XDMA transfers of images on the 290X calculation

Page 2 - Seeking answers? Join the AnandTech community: where nearly half-a-million members share solutions and discuss the latest tech.

BrightCandle

Diamond Member
Mar 15, 2007
4,762
0
76
I don't really get the purpose of the math here. Is it a correlation to frame pacing or smoothness?

Have you never done the maths just to see what the result is? Well now you have seen someone else do it!

Whenever a new technology is released I try and understand it and its implications. Changing how the images are transferred between cards could impact on the latency, could impact on the cards normal operations and could potentially be a problem on lower or older computers. Before my post did we know that 8x/8x on 2.0 might have a slight performance deficit compared to the previous cards? No we didn't. Equally did we know that the latency of the image is dramatically reduced by going over PCI-E? Nope.

I want to make sure and validate to myself (and you) that there is enough bandwidth that its not going to be a problem and in what scenarios it might be. We have reviewers all over the net predominantly testing X79 systems with PCI-E 3.0 16x/16x on crossfire right now and that isn't very representative of the systems people have. Most gamers seem to have gone for Sandy Bridge/Ivy Bridge/Haswell and not the enterprise platform even with crossfire/sli. The downside of that is they have less lanes for the second card, so one question I was hoping to answer is which types of system might have a problem there and should upgrade if they are considering these cards and there different image transfer mechanism. This is the extreme case and if doesn't break there it wont break anywhere else.
 

Granseth

Senior member
May 6, 2009
258
0
71
Indeed it is. All the bandwidth numbers are for lanes and these lanes are made up of 2 unidirectional links. For our purposes that halves the data we can send the GPU making my PCI-E bandwidth figures wrong. Darn it. OK I'll update that later.

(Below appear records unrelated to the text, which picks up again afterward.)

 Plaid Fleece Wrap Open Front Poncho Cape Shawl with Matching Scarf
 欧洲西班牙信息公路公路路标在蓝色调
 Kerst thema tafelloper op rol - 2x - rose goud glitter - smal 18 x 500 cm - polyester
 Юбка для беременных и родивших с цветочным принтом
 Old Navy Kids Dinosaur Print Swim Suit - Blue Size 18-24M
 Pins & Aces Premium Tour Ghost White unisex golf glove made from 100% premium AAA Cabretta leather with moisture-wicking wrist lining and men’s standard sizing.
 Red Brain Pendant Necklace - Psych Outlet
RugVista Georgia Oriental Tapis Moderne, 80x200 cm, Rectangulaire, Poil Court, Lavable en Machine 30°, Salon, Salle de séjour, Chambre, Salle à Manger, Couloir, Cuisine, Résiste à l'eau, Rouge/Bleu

No problem. It's always best to have an open discussion or we won't learn anything new.
 

chimaxi83

Diamond Member
May 18, 2003
5,457
63
101
I'm pretty sure XDMA CF is just fine. From Hardocp, pioneers of the "smoothness" metric:

ege8yjav.jpg
 

beginner99

Diamond Member
Jun 2, 2009
5,315
1,760
136
I'm pretty sure XDMA CF is just fine. From Hardocp, pioneers of the "smoothness" metric:

ege8yjav.jpg

I think the question is if it is also fine on PCIE 2.0 or to be more specific on Sandy bridge systems or older or any AMD systems. The later actually being funny if 290x CF would not work with an AMD CPU.
 

BrightCandle

Diamond Member
Mar 15, 2007
4,762
0
76
It also changes the contention possibilities as well. Its more complex than I initially thought!

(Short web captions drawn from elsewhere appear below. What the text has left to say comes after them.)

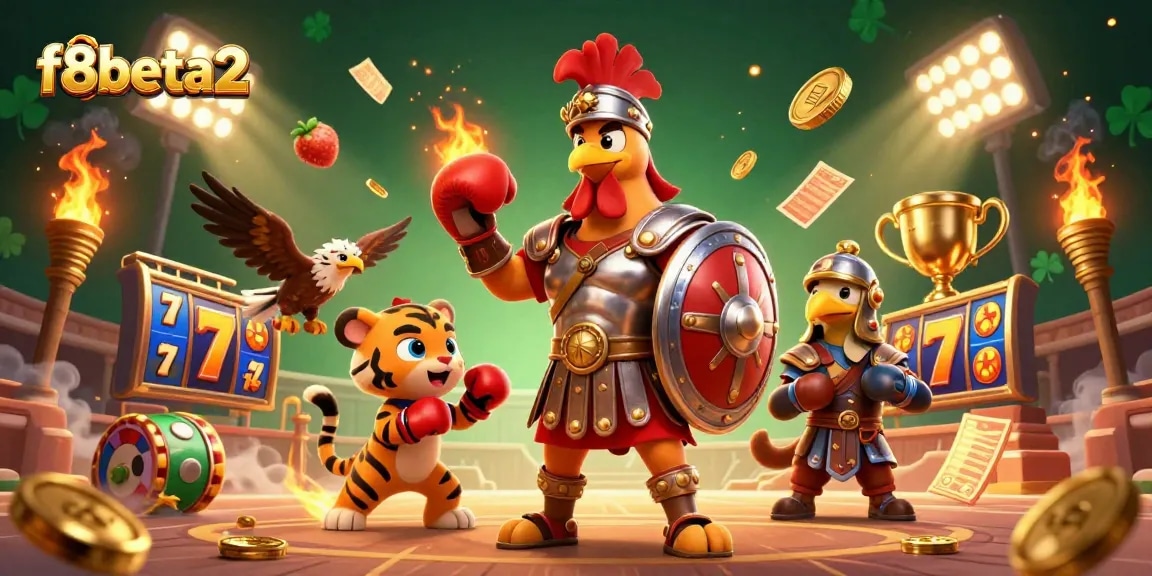 f8beta2 slots illustration shows a gladiator rooster, tiger cub, and eagle amidst a vibrant casino scene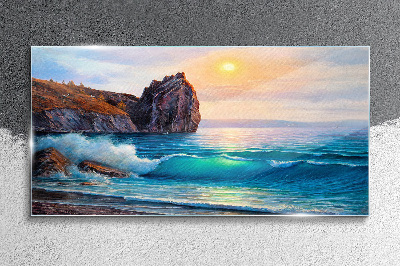 Tableau verre imprimé Mer calme au coucher du soleil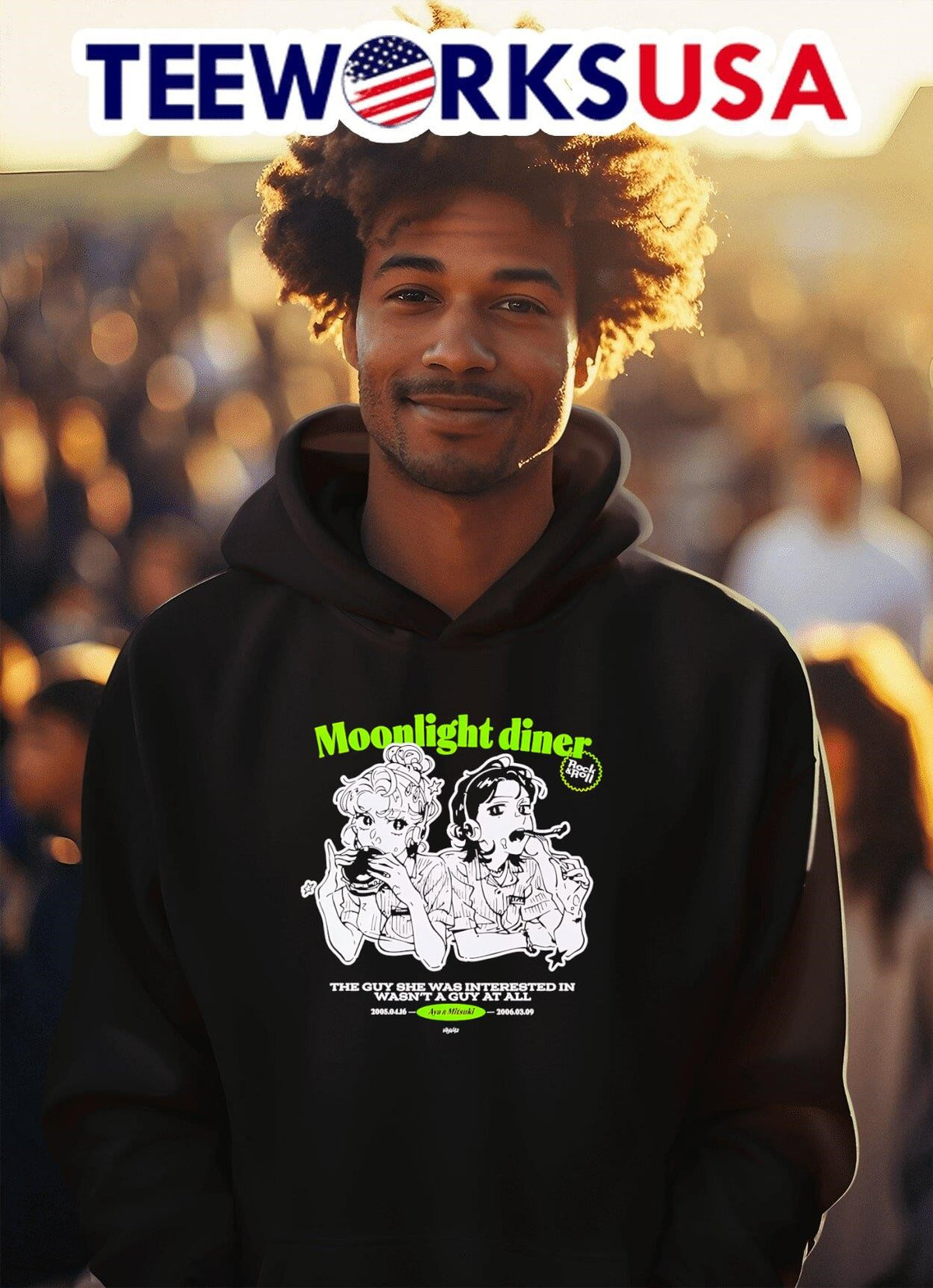 Moonlight diner the guy she was interested - Adult & Kids T-Shirts, Sweatshirts & Hoodies apparel design preview 2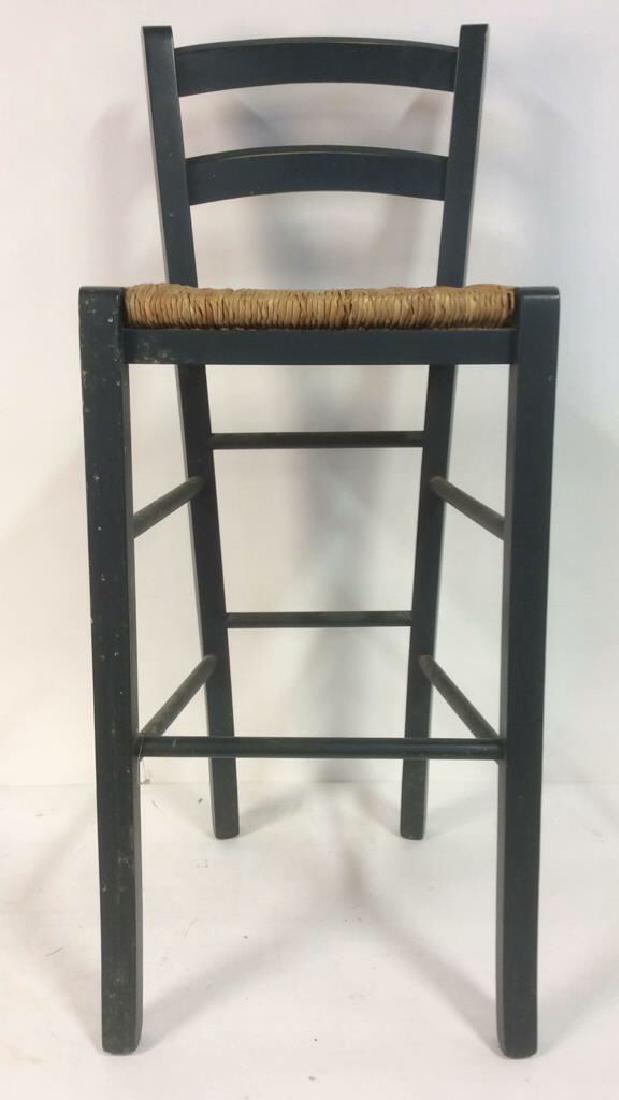 Navy Blue Wooden & Rattan Stool W Backrest (1 of 10)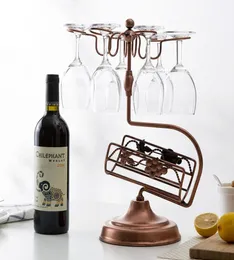 Metal Wine Rackwine Glass HolderCountertop Stojak 1 Butelka Uchwyt do przechowywania wina z 6 szklanymi świątecznymi prezentem na WI8613875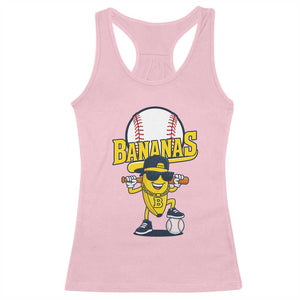Cool Banana Playing Baseball Racerback Tank Top Funny Fruit Sports Gift TS12 Light Pink Print Your Wear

Graphics cards in terms of bandwidth usage on the PCI-E bus are mostly receivers of data. They get textures, meshes etc from the CPU and RAM. However GPUs don't really send anything big over PCI-E that I know of (could be wrong of course!). Its all propriety so we can't know for sure but it seems unlikely. So given that the only contention possibility is on the cards receiving part of its lane.

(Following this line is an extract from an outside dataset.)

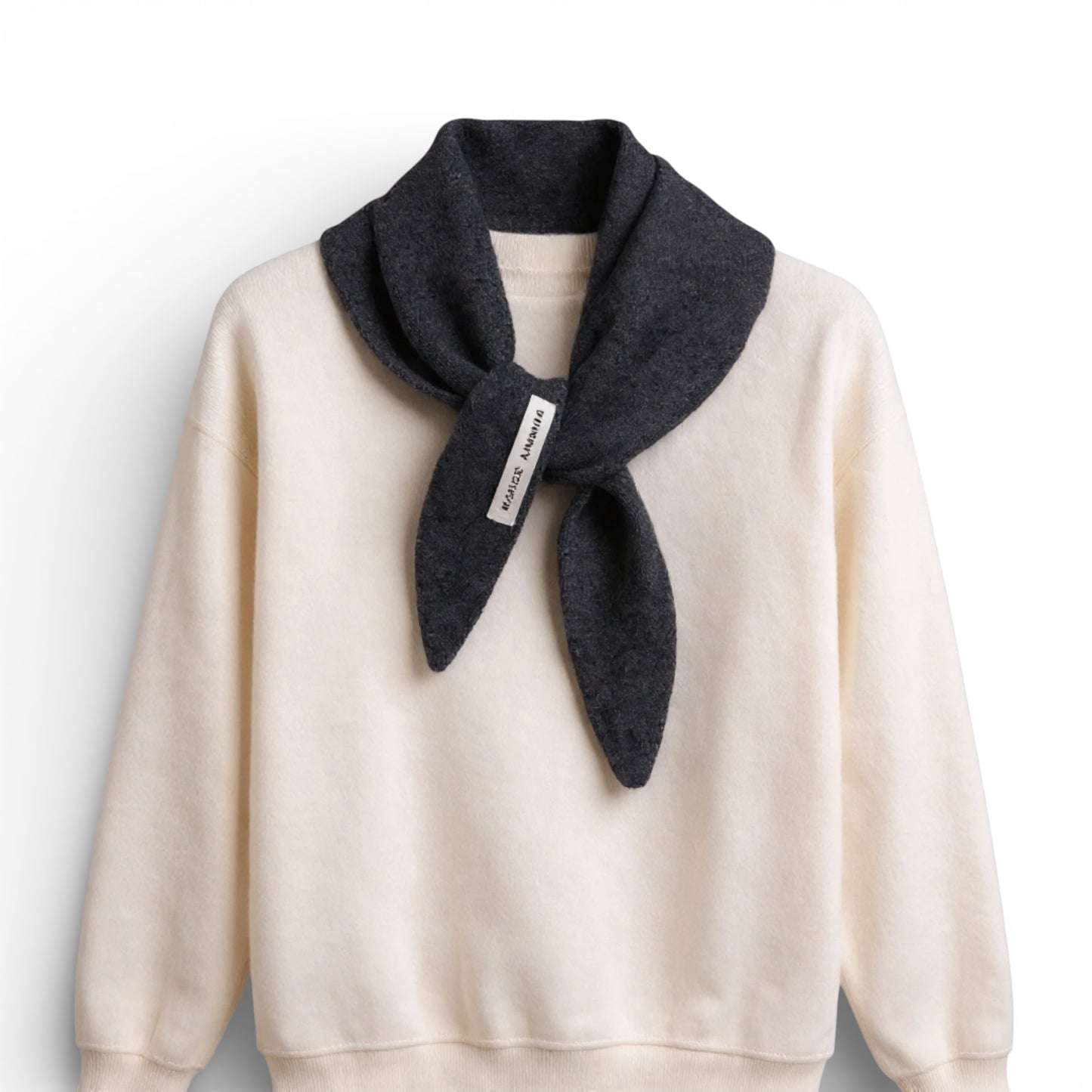 Écharpe femme en laine triangle gris foncé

The main card in the 16x slot now has half the input bandwidth available to what I calculated and its still got contention with the images coming in, but in practice the 6 PCI-E lane estimate for data is also twice what it should be, so it should be 1500MB/s. So now PCI-E 3.0 has about 8000 MB/s with 1500MB/s used for normal operation and a 985 MB/s used for the images. That is actually a significant percentage jump from before but it goes to show that this change shouldn't impact 16x lanes even on 2.0.

But for the supporting cards there is no contention with the cards usual operation as they are sending the image data. Because its the sending lane there is by and large nothing else bandwidth heavy on that port, so even a 4x PCI-E 2.0 port has sufficient bandwidth to send the images despite 250MB/s per lane in the sending direction. It can only just make it which results in a latency of 16ms but it works without further degrading fps.

So its interesting because the latency is impacted heavily by the data change (2x) but the fps impact of XDMA shouldn't be a problem on 16x on 3.0 or 2.0. However at 8x 2.0 is 250MB/s receiving bandwidth per lane = 2000 MB/s total and we need about 1500 MB/s for normal operation (world assets) and we need 985 MB/s for the images, and that is a problem for the main card.

The master card needs at least 16x 2.0 or 8x 3.0 but the supporting cards can get away with 4x 2.0 but it impacts on latency and likely frame pacing quite dramatically. The FCAT results will change dependent on the PCI-E bandwidth given to the secondary card quite a bit.
 
Last edited:

Granseth

Senior member
May 6, 2009
258
0
71
At PCI-E 2.0 it has 500MB/S per lane in each direction, not 250/250, and 985 MB/s for 3.0 per lane per direction
 

Stuka87

Diamond Member
Dec 10, 2010
6,240
2,559
136
This explains why CF scaled so much better at 4K resolutions in comparison to the 780/Titan SLI configs.
 

Stuka87

Diamond Member
Dec 10, 2010
6,240
2,559
136
I think the question is if it is also fine on PCIE 2.0 or to be more specific on Sandy bridge systems or older or any AMD systems. The later actually being funny if 290x CF would not work with an AMD CPU.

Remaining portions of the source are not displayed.